City Council changes rules on transparency of ethics investigations

The Austin City Council unanimously approved an ordinance to alter the proceedings of ethics investigations into city employees during their meeting March 28. The amendments reduce the percentage of the ethics review process that is transparent to the public.

Under the current policy, city employees, executive staff, and Council members undergo investigations by the Ethics Review Commission, which makes decisions on culpability and sanctions. The amendments, proposed by Mayor Steve Adler, remove city employees from the Ethics Commission’s jurisdiction and instead relegates their investigations to the City Auditor.

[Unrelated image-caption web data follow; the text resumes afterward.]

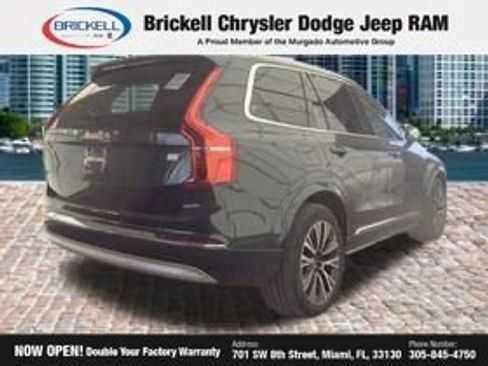 Used 2022 Volvo XC90 T6 Momentum w/ Advanced Package AWD/4WD image 6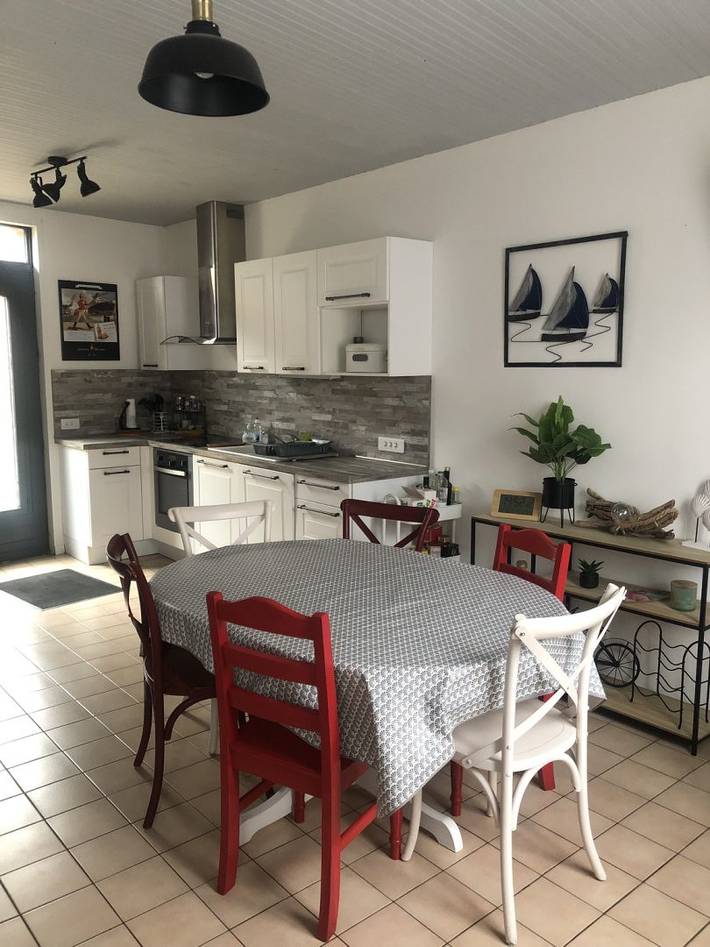Gîte pour 6 personnes, avec jardin et terrasse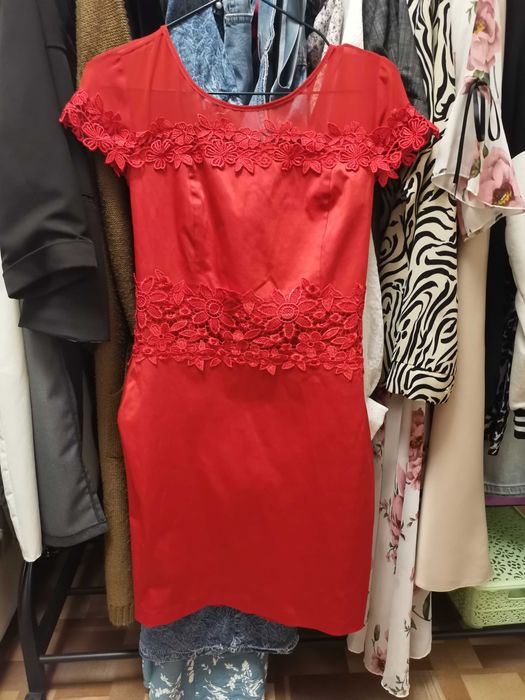 Платье вечернее, атласное, приталенное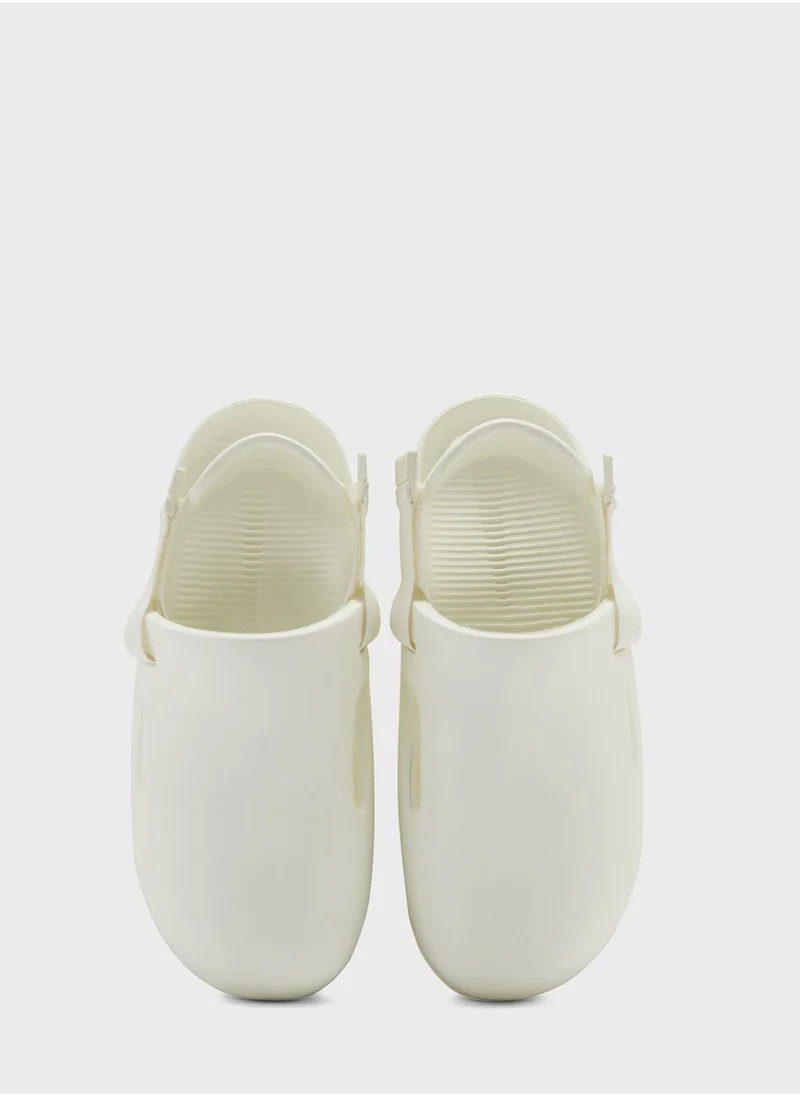 Nike Calm Mules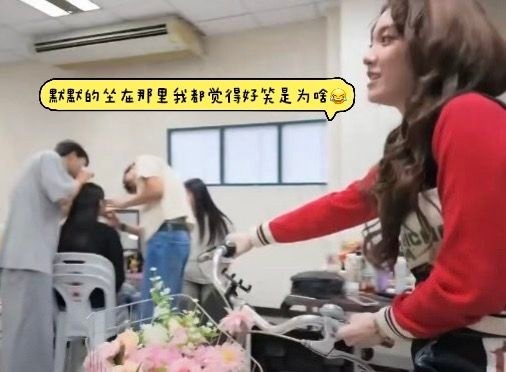 一个坐着三张椅子 一个在屋里骑自行车 家产就是这样抽象且潇洒 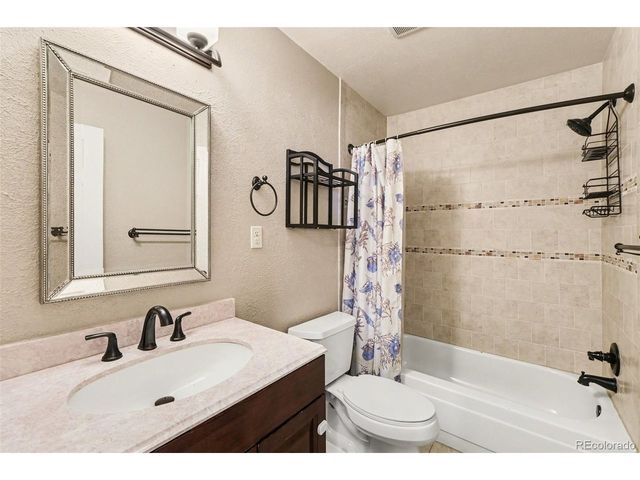 13885 W 66th Dr, Arvada, CO 80004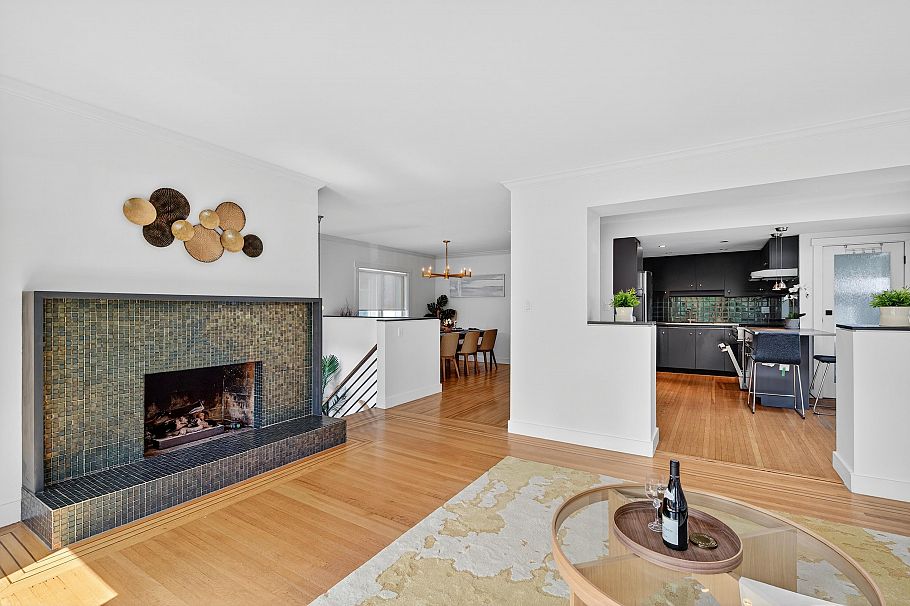 4427 W 7th Avenue Vancouver, BC - 15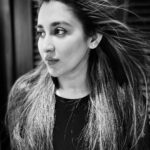 Oindrila Sen Instagram - Mondays are for fresh starts 🖤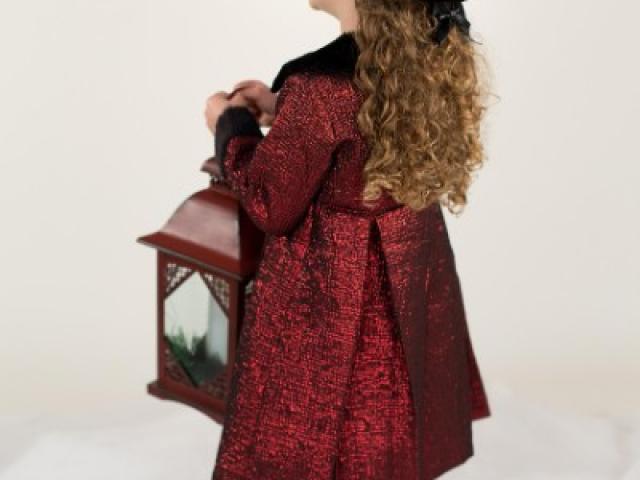 Préparez vos manteaux pour la saison avec Céline Pressing Argentan 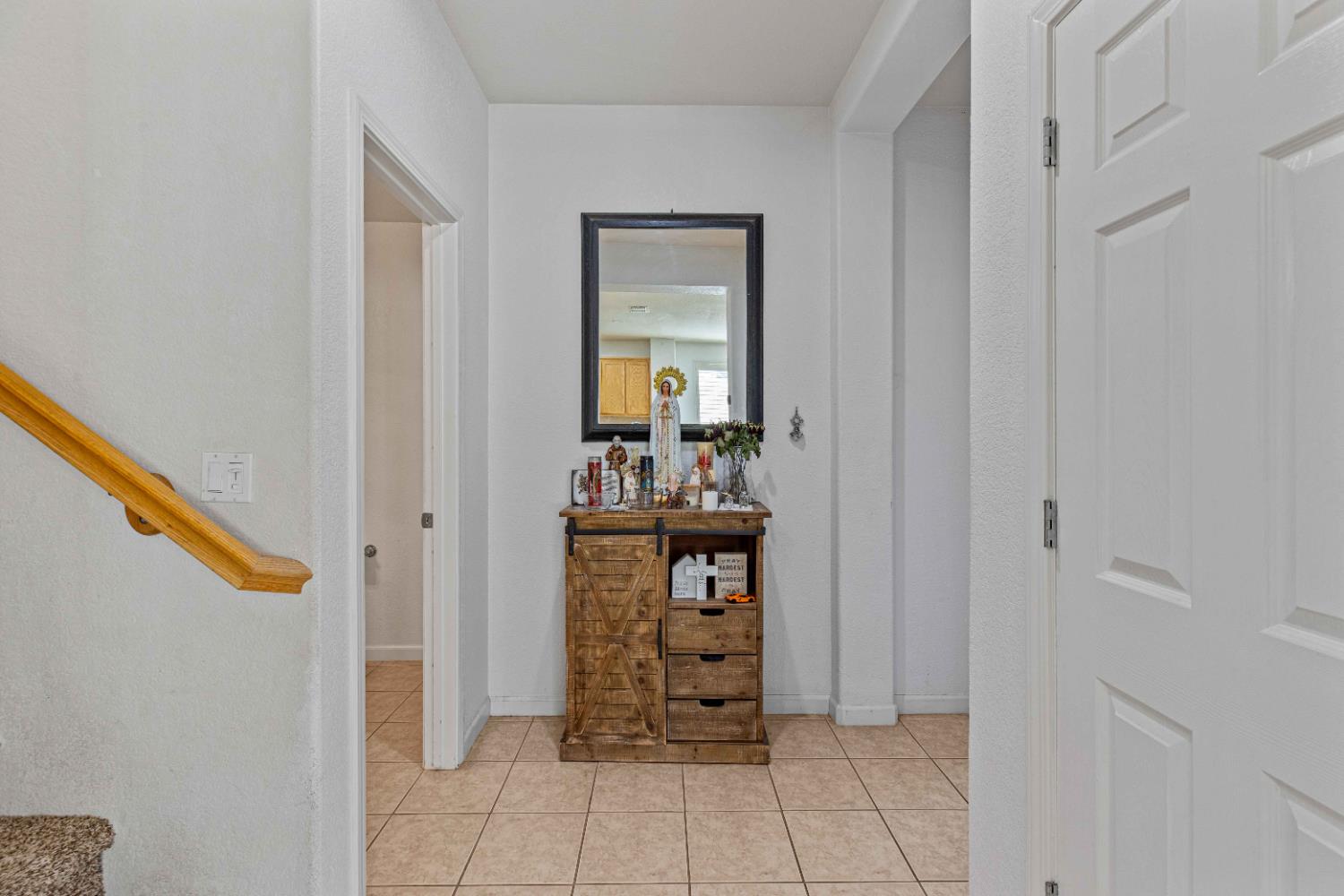 9015 Tee Box Ct, Patterson, CA 95363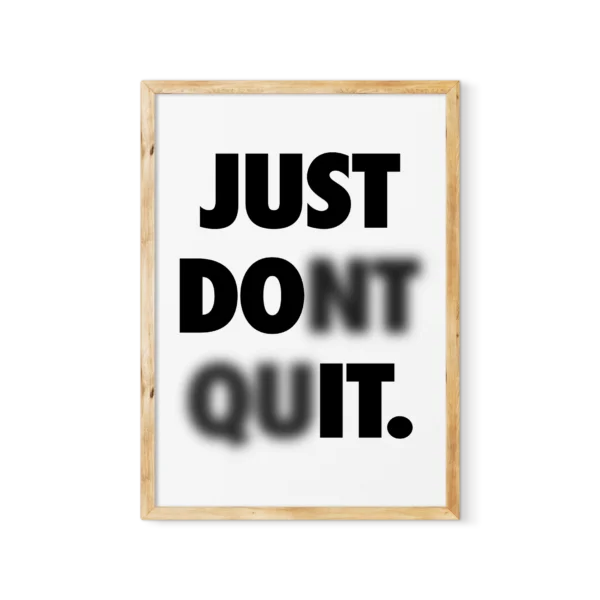 תמונת פוסטר עם מסגרת שחורה, מציגה כיתוב "Just Don't Quit" בפונט לבן על רקע שחור, בעיצוב מינימליסטי.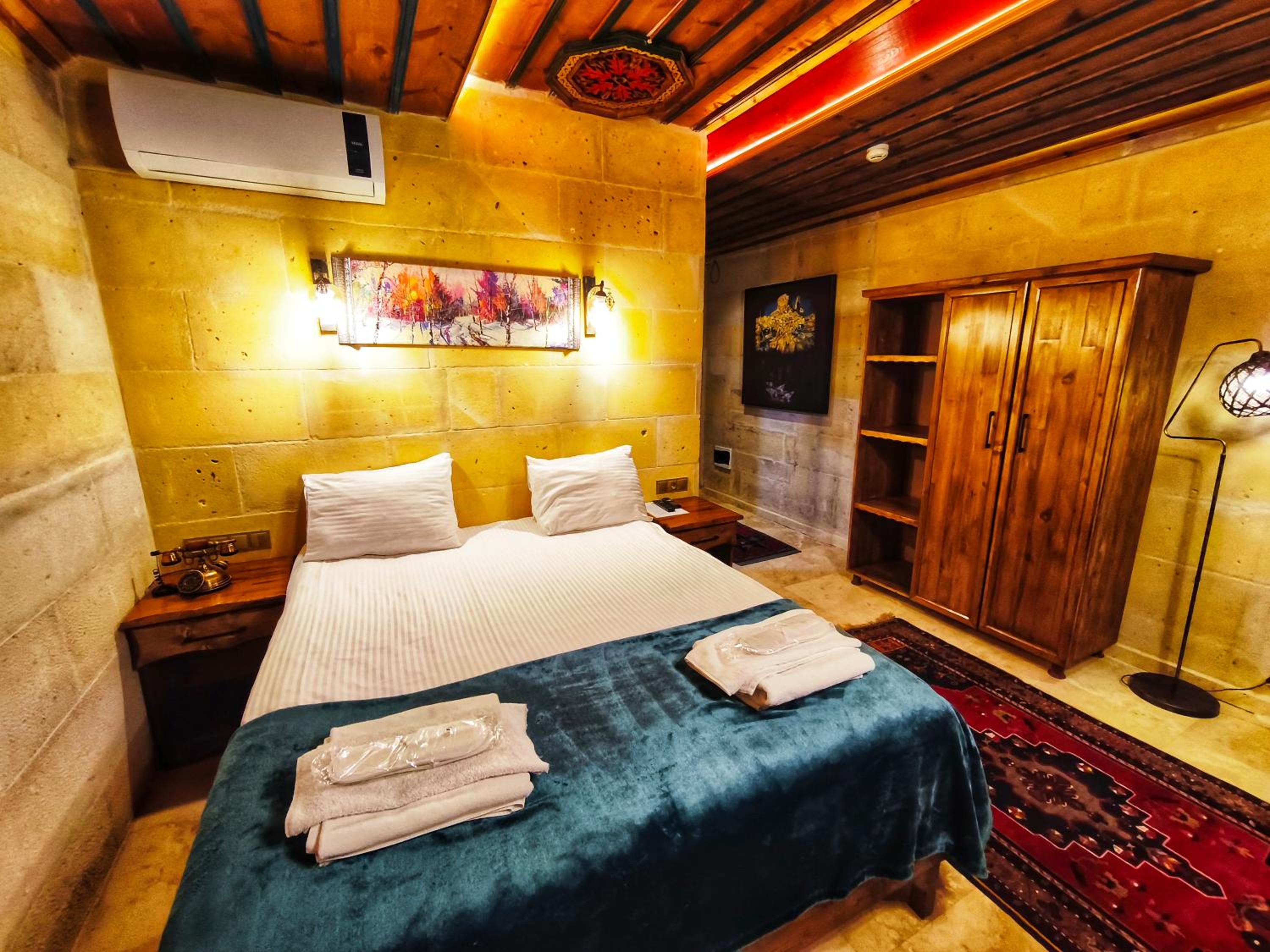 Queen Suite with Spa Bath - Photo 8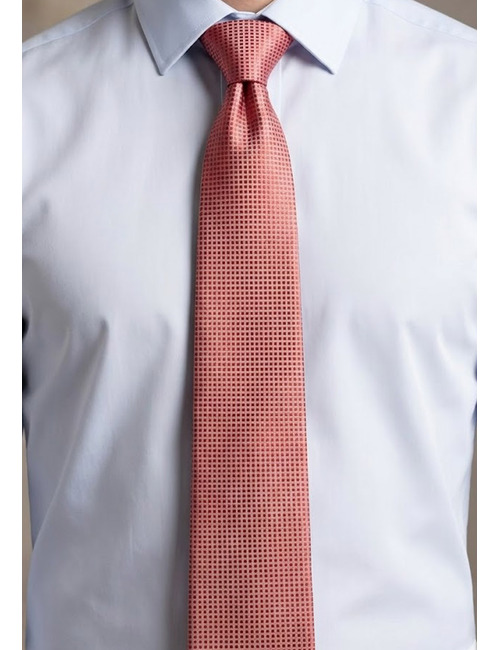 Luxe zijden das met verfijnd dessin in zalmroze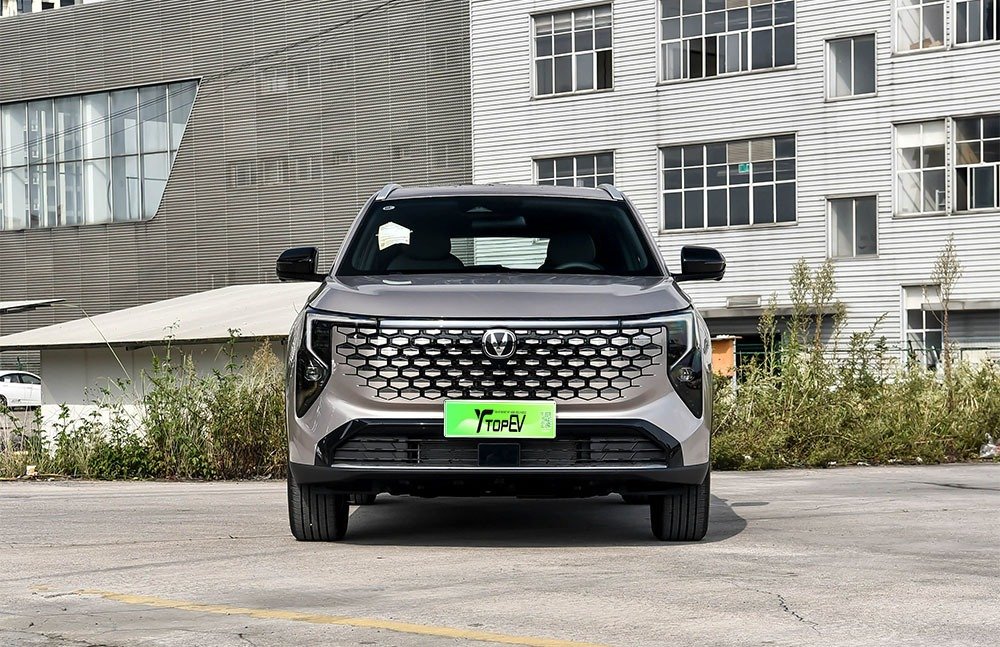 imgi_3_1_3(22) Changan CS55 PLUS 2026 – China Export Vehicle | Chinese Ev Cars in Egypt - Image 1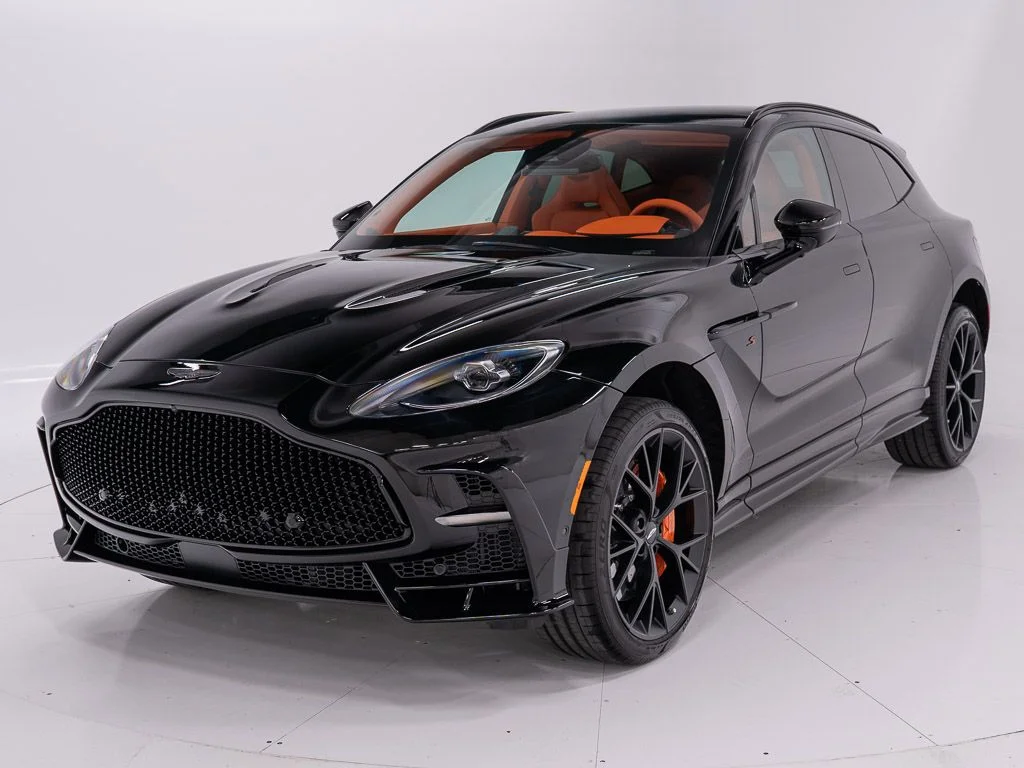 2026 Aston Martin DBX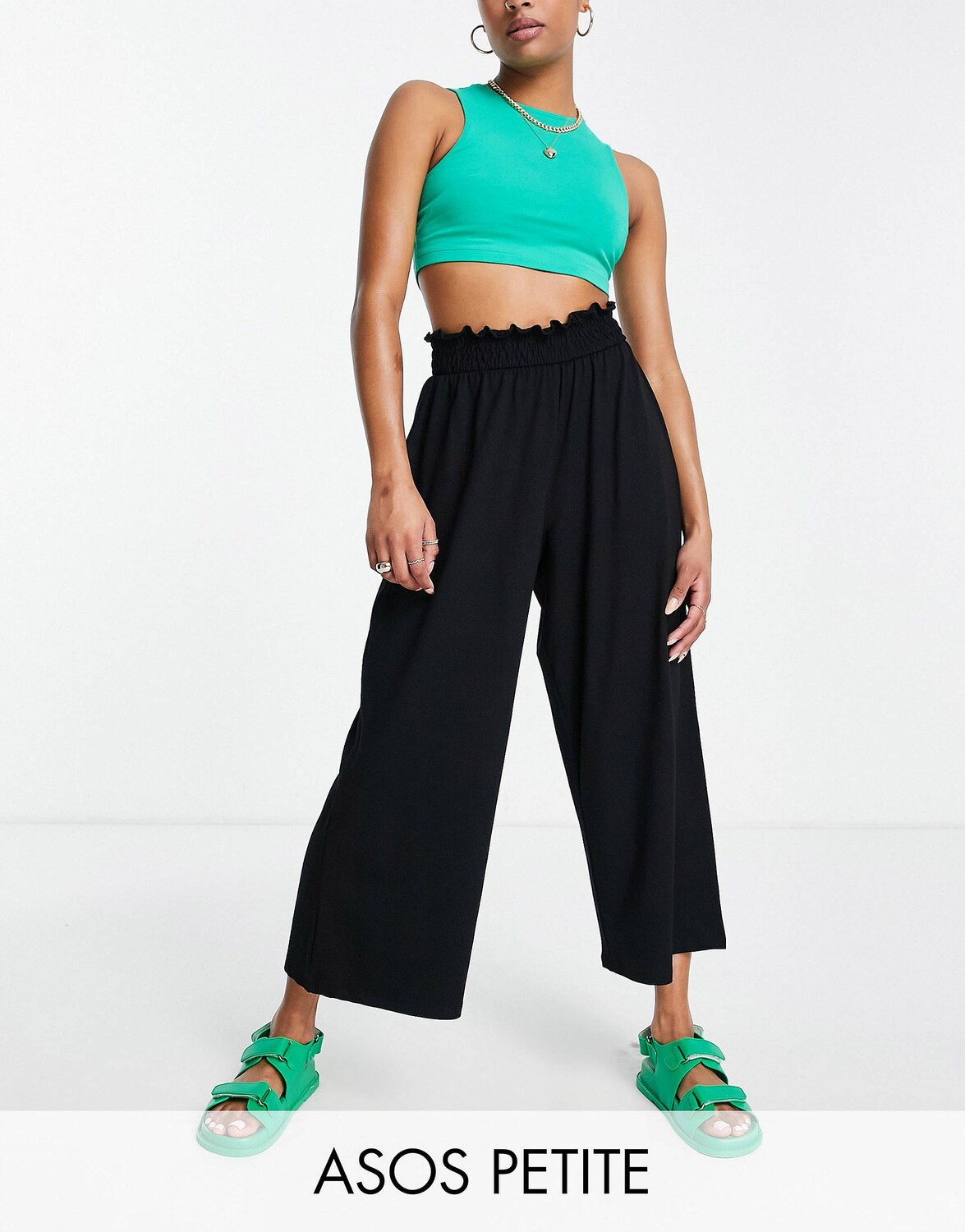 

Черные брюки-кюлоты с присборенной талией ASOS DESIGN Petite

In the current system, the city auditor is involved in all ethics investigations. However, the proceedings of the Ethics Review Commission are publicly available, as soon as the city auditor makes an initial report on the ethics complaint. By circumventing the Ethics Commission, the proposed changes only allow citizens of Austin to access that information once a final decision has been made by the auditor and delivered to the Council.

According to Adler, his proposed changes are a direct result of the media coverage of an ethics investigation into the city’s Director of Human Resources, Joya Hayes, earlier this year. Adler feels that elected officials and city employees should not be subject to the same level of public scrutiny.

“If there’s an ethics charge that comes from the auditor [against city employees like Hayes] it’s treated as if they were elected officials,” Adler said. “If there’s a charge that’s later dismissed or not pursued, as was this case, there’s an impact to reputation that can’t be restored.”

The Austin-American Statesman in February reported in a series of articles that the city’s HR Director, an executive staff employee, was undergoing an investigation by the Ethics Review Commission into her use of subordinate staff to babysit her child. The investigation was subject to public scrutiny throughout.

The amendments have produced concern among some citizens who fear that they reduce transparency and make it more difficult to hold the city government accountable, according to District 6 Council Member Jimmy Flannigan.

Flannigan stressed the importance of transparency to public trust in the city government.

“People’s trust in government relies heavily on their belief in transparency,” Flannigan said. “That is a very frequent and common refrain from the mayor and the Council on a long list of matters.”

Flannigan also noted that it is important for executive staff, such as the Director of Parks and Recreation and the Director of Development Services, who would be affected by the proposed rules, to be subject to public oversight.

“There are a lot of things the director can just decide,” Flannigan said, “a lot of these very intricate questions that can have pretty dramatic impacts on the bottom line of the folks that are coming to the city to do development.”

At the council meeting, Adler emphasized that the changes were intended to streamline ethics complaints, not to reduce transparency.

“I believe very much in transparency,” Adler said. “We have to also make sure we do it in the right places and in the appropriate ways.”